The majority of all disasters worldwide are related to (extreme) weather conditions, according to the World Meteorological Organization (WMO). This affects less developed countries most. KNMI has been working with dozens of international partners since its establishment more that 160 years ago. In current times, climate change makes global cooperation even more important. That is why a three-year program, called ‘KNMI-global’, is started in collaboration with the Ministry of Infrastructure and Water Management.
Hurricanes, heatwaves, floods, and drought are phenomena that occurred throughout history. However, because of climate change, the intensity and resulting damage and number of victims are increasing. We see this happening around us in the Netherlands and in Europe, but generally developing countries are hit hardest by extreme weather events. The World Bank calls Africa 'the region that is most exposed to the consequences of climate change'. Often because they lack the means to adapt to the changing climate.
The goal is to close the big difference in capacity between the more developed and developing countries
That is why climate adaptation was on the agenda of the Cop26 Climate Summit in Glasgow in November 2021. The WMO calls on the meteorological services such as KNMI to provide expertise to assist countries that are affected by climate change and have fewer resources to properly adapt. The goal is to close the big difference in capacity between the more developed and developing countries. The KNMI-Global initiative is a response to this call for assistance and directly contributes to the sustainable development goals (SDGs).

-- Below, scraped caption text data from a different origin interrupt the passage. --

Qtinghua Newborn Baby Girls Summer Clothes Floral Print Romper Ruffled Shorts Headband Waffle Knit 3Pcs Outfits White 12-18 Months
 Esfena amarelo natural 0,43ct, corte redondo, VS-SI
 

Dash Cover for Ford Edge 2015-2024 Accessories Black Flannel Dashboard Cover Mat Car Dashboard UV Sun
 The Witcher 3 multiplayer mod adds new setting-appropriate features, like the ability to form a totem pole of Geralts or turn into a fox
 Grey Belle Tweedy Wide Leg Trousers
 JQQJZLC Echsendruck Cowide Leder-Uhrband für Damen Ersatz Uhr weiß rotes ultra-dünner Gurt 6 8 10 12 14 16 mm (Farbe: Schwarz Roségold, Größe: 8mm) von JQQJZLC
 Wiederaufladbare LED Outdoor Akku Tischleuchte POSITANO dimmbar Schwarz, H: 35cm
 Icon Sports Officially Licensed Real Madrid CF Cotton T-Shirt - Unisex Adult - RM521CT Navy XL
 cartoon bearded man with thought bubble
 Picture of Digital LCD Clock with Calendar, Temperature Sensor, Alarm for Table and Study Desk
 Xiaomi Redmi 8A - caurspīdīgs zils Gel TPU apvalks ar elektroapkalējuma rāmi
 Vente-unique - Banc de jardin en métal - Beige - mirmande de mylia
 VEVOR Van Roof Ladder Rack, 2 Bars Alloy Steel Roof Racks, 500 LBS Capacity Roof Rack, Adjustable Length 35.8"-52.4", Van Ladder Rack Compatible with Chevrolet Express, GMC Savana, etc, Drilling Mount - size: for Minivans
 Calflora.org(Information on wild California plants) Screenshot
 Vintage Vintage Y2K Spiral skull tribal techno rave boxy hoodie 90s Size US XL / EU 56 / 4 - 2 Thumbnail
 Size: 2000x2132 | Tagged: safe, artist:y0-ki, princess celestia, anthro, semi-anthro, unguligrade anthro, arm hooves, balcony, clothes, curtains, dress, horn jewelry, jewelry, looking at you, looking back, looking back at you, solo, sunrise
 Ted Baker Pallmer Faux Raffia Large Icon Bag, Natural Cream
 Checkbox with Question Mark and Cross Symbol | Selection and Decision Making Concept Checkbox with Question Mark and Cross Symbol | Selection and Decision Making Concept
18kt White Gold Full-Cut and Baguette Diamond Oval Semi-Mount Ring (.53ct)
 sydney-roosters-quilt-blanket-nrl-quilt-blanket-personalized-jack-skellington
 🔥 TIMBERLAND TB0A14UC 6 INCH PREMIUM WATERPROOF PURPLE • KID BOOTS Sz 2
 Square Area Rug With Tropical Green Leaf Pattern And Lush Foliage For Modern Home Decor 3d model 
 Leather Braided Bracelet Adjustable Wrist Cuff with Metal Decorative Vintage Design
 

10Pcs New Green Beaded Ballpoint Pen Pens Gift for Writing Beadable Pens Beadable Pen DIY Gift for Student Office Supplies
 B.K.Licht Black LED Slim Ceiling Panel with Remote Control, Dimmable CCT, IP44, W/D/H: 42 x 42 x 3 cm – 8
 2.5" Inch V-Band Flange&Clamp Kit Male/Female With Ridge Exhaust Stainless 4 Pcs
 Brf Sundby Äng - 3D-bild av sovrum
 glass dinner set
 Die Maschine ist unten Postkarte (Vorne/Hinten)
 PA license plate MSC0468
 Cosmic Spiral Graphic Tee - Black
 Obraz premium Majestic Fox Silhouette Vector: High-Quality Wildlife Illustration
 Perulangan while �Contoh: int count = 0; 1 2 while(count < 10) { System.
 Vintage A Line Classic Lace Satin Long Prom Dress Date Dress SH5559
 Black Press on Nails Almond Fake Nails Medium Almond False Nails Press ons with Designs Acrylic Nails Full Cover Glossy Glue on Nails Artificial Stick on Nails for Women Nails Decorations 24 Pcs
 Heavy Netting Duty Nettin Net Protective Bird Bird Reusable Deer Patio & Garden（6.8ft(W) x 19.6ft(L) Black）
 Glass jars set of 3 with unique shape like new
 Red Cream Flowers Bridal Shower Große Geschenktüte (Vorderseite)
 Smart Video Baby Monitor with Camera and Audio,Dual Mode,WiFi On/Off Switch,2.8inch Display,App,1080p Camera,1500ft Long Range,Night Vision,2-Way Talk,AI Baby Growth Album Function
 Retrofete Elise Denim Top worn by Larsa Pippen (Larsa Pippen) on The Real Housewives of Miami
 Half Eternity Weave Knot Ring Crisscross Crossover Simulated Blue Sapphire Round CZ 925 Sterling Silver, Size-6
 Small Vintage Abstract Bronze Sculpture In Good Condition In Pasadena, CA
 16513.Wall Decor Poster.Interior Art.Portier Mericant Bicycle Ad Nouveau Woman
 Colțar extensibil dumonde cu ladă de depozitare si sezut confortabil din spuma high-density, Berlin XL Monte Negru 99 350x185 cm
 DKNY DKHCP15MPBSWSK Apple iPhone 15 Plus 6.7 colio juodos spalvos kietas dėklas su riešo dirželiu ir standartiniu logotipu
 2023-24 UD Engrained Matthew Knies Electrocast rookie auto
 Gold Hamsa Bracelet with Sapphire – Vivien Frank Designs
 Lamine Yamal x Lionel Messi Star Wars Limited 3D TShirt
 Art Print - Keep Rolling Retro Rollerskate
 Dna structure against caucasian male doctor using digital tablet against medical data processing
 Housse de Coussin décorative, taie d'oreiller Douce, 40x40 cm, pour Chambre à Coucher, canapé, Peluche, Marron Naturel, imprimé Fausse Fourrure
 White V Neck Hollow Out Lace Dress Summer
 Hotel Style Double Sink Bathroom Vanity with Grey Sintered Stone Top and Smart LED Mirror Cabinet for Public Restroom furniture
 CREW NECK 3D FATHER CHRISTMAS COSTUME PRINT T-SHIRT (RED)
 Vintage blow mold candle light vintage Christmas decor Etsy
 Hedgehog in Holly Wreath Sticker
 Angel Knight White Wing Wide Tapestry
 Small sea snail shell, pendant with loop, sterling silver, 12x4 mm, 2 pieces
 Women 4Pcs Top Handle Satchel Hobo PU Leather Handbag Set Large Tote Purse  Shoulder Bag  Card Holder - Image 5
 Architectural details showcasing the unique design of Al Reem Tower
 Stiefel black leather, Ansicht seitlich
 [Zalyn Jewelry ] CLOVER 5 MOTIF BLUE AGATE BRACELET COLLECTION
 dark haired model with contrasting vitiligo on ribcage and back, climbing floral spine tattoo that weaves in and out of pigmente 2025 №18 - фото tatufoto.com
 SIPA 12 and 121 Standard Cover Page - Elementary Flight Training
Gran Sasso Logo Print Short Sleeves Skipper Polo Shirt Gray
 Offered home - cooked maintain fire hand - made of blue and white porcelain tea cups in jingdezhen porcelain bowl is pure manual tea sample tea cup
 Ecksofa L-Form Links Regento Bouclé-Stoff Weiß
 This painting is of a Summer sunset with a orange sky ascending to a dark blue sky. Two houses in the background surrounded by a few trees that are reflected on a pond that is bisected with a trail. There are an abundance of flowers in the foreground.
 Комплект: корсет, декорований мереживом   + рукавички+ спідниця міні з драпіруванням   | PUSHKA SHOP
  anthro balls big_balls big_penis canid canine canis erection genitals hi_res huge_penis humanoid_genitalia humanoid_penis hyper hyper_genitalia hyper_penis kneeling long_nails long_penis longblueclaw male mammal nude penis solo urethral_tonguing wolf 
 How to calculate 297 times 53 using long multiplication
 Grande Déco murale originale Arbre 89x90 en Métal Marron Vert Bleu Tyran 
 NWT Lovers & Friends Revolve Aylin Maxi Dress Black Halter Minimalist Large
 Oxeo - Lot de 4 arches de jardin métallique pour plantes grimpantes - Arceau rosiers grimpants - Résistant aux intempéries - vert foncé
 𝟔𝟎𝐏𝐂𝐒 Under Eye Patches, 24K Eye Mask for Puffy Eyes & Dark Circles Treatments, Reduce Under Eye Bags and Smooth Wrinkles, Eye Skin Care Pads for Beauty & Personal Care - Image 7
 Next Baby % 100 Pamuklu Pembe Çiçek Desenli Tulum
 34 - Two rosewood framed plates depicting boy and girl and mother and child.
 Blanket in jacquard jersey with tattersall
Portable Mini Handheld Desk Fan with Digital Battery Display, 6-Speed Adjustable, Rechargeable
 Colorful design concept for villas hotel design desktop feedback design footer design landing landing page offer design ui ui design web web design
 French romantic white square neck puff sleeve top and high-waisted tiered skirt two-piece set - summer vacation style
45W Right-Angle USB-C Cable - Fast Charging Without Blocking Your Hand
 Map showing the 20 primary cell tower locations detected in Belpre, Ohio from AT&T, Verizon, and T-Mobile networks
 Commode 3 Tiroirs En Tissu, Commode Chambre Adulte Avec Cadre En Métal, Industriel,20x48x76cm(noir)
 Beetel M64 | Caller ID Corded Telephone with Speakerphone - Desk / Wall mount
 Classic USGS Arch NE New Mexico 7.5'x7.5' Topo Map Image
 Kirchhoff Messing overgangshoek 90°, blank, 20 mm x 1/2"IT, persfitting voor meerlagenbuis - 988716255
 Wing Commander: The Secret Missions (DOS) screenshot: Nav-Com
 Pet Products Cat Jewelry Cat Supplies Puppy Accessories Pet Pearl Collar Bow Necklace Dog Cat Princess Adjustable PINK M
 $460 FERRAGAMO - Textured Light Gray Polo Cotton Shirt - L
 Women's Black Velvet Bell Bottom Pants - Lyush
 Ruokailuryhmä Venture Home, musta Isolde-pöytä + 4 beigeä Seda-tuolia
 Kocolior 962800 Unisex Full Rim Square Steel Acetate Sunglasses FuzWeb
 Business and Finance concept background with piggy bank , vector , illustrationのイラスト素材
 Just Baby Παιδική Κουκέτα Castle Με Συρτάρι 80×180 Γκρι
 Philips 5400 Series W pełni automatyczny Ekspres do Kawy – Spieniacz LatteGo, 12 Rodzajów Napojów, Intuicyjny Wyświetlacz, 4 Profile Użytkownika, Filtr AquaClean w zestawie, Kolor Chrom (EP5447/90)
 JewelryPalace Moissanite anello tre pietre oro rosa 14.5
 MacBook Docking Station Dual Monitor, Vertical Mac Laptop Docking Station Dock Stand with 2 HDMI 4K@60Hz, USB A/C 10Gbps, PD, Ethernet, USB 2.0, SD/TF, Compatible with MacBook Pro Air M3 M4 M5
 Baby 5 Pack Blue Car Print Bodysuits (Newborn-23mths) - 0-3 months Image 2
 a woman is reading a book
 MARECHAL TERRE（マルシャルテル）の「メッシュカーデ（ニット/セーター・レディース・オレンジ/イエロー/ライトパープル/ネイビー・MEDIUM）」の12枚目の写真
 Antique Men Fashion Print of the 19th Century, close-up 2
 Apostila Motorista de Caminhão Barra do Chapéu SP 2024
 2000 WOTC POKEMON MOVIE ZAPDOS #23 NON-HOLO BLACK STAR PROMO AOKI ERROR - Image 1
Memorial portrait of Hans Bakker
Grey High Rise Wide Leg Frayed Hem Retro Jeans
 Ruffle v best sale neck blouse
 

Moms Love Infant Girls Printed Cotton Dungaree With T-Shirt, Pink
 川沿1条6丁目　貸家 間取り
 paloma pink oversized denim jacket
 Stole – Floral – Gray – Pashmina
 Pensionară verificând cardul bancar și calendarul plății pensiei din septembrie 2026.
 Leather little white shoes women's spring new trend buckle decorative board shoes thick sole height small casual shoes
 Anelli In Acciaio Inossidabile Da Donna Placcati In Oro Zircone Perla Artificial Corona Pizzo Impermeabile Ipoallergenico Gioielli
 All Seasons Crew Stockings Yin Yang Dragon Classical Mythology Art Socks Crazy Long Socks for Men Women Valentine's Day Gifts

Setting up the KNMI-Global program we looked carefully at other meteorological services such as those of Finland, Switzerland and the United Kingdom that have been doing this much longer and more extensive. KNMI also gained valuable experiences from its long standing cooperation with the Caribbean part of the Kingdom of the Netherlands, Indonesia and Surinam.
Previous experiences indicate that KNMI can contribute to products and services needed by many developing countries. Examples are the preparation of regional climate scenarios, improved seasonal forecasts, climate data collections, digitization of old weather data, research into sea level rise, improved volcanic monitoring, and applications of satellite observations.
The information provided should directly enhance the capabilities of users
It is not only important to have better data, or more observations, or better weather and climate models. It is also important that this information leads to concrete action by users. That is why KNMI likes to cooperate with partners from both public and private sectors to jointly maximize the impact.